Small chunks of these rocky bodies entering our atmosphere provide us with meteorites, which are very important to our understanding of the formation of the solar system.
Any planetary surface in the solar system is a place one might find meteorites. Here is one on Mars:
Comets are a totally different class of objects, moving on elliptical orbits. Ice objects with minor amounts of rock fragments, they range in diameter from 1 to more than 10 km. Comets are thought to originate in the far outer reaches of the solar system, referred to as the Oort Cloud and the Kuiper Belt. On their path through the inner solar system, inside Mars orbit, their icy nuclei partially vaporize, forming large tails of gas and dust.
Arguably the most famous comet is Comet Halley, which returns to the inner solar system every ~76 years and can be traced back 239 BC. In 1986, an armada of five spacecraft from the USSR, Japan, and the European Community visited Comet Halley. ESA's craft Giotto approached within 540 km +/- 40 km of Halley's nucleus and obtained the best close-up photo.
This is that image:
As an illustration of how far space science has progressed, please contrast that image with the images from ESA's recent Rosetta mission to the lesser known comet 67P/Churyumov-Gerasimenko (alternatively check here). As part of that mission, the probe Philae also landed on the comet, though not totally successfully. Below is a picture of comet 67P/Churyumov-Gerasimenko from 177 miles away.

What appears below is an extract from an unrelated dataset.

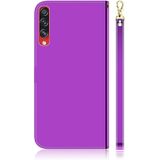 For Galaxy A70s Mirror-like Magnetic Attraction Horizontal Flip Leather Case with Lanyard  Support Holder & Card Slot & Wallet(Purple)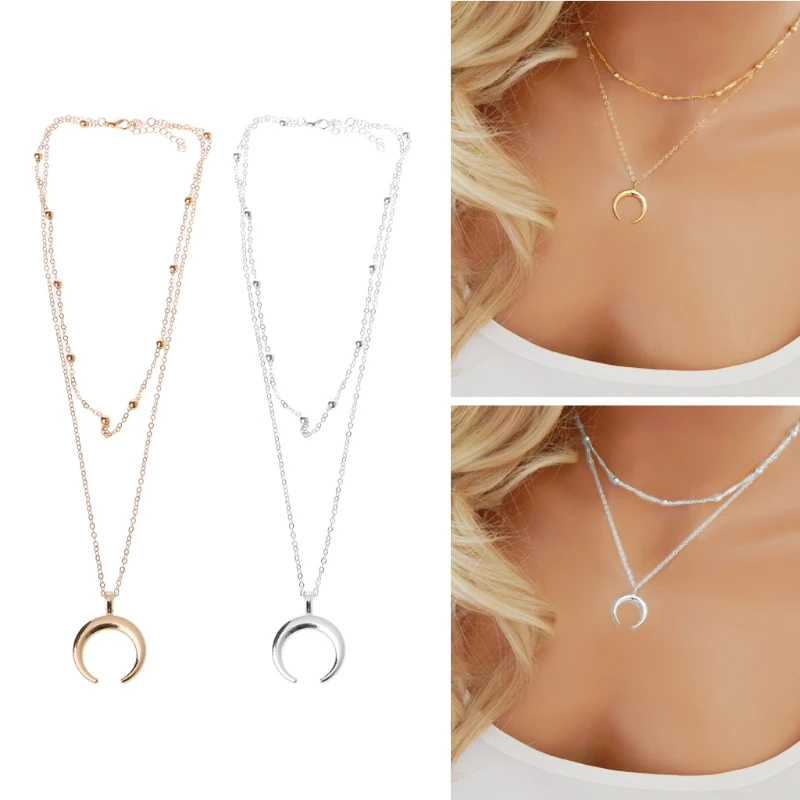 Бохо полумесяц ожерелье с подвеской в виде полумесяца двойной рог ювелирные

The comet is 4.3 by 4.1 km.
Similar to Halley`s comet, this comet was also heating up and ejecting gases in violent outbursts. And here is an image of one of the outbursts:
ESA has now (June 2018) made the complete Rosetta Image Archive available to the public. You'll find link to images from Earth swing-bys to remarkable close-ups of the comet's surface. If you don't feel that you can spend hours browsing through thousands of images, take less than 3 min to watch the movie below. It's a compilation of the last few hours of Rosetta's decent to the comet. Information and links to download it in several formats can be found here.
Beyond the debris, mostly nothingness
The final component of the solar system is the Interplanetary medium. For the purposes of our course, it is essentially a vacuum and we will not mention it further.